On Wed, Apr 14, 2010 at 1:41 AM, Kurt Van Dijck <[email protected]> wrote:
> On Wed, Apr 14, 2010 at 12:30:34AM +0400, Nikita Egorov wrote:
>>
>> > Yes, I see your point. I also checked out DirectFB and was quite surprised 
>> > what a beast it has become. Transparen rotatabe windows? How can that be 
>> > any smaller or faster than X11?
>>
>> Actually the things are not so bad. The chief purpose of DirectFB is
>> support of hardware possibilities. Of course, the software fallbacks
>> will do such conversion with quite slow speed.
>> But when I tried to blit a picture with transparency and rotation
>> using dfb hardware driver (e.g. on embedded system via OpenGL ES) I
>> had only small delay against the simple blitting.

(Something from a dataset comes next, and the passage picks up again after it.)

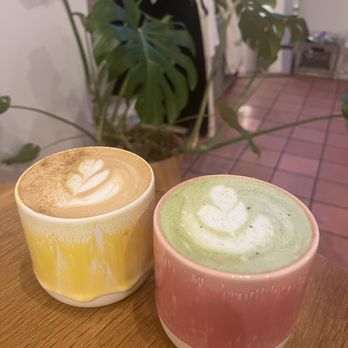 Never Coffee - Yuzu Salt Latte (left) & Pop - Coffee & Tea Near Me - Portland, Oregon Never Coffee - Yuzu Salt Latte (left) & Pop - Coffee & Tea Near Me - Portland, Oregon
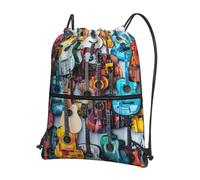 Hingor Sac à dos avec cordon de serrage pour guitare acoustique et guitare - Résistant à l'eau - Pour gym, shopping, sport, yoga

> It's not my intention to start discussing TinyX vs. dfb, I'm just
> interested and know not that much of dfb.
> * Does dfb make use of hardware acceleration in userspace, or kernel
> framebuffer drivers?

DirectFB doesn't use the acceleration possibilities of fbdev. It use
its own gfx driver which is one of dynamic modules of the library. Any
user can create his own graphics driver to accelerate standard
operations. Of course, if he have enough information about the
particular hardware.
If dfb doesn't have proper gfx driver it will draw through embedded
software fallbacks. The fallbacks can use 35 different formats of
pixels and work not slower than any other library.
But DirectFB has only basic functions - lines, triangles, rectangles
and blitting. In my port I had to implement all the rest necessary
operations.

> * is 'OpenGL ES' some kind of third party software in your system?

OpenGL ES is a subset of OpenGL. OpenGL ES is used on many embedded
platforms. Such as Freescale mpc5121, TI OMAP3530, and so on.
I have used OpenGL ES interface to accelerate gfx functions of DirectFB.